Even if some of it is my own dreadful art.
Also, there is ogrish nudity. You’ve been warned.
Ogres:
The first truly civilized race in this world, ogres originated the practices of farming, village-living, dam-building, irrigation, indoor plumbing, and various other early innovations…but not fire or cooking or clothing, which were brought to them by their less hardy and more prudish neighbors. Though staunch vegetarians in their native tropical clime, those ogres who settled in the north — and then were pushed further into the tundra — have adapted to a more calorie-dense omnivorous diet despite that it can be detrimental to their late-life health.

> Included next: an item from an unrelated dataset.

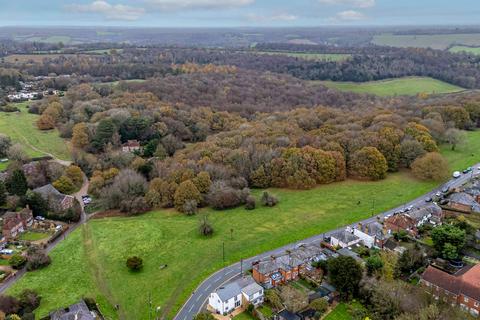 undefined, Mines Close, High Wycombe HP13
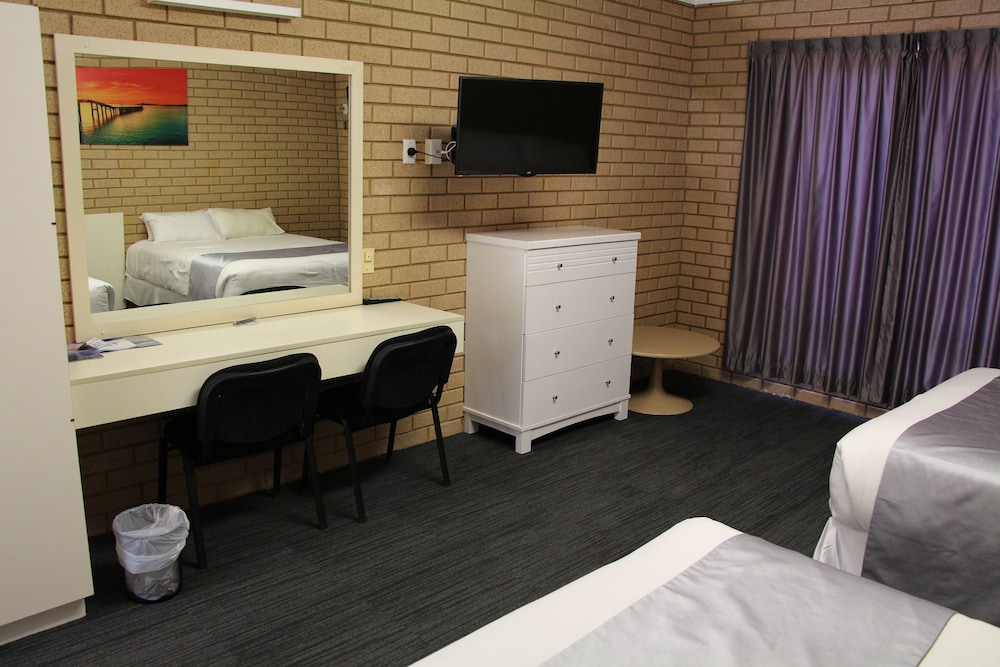 Carnarvon Motel 53/60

As one of the largest races — ranging in height from 8′ to 12′ depending on subtype — ogres generally find it easy to dominate their neighbors through strength. However, while they can be quite territorial, they do not like to live far from large bodies of water and thus will not expand into arid, rocky or forested environments unless there is a convenient place to make an artificial lake. They will also tolerate other races living around or among them as long as they accept the ogres’ dominance or equality; they will not be treated as second-class citizens.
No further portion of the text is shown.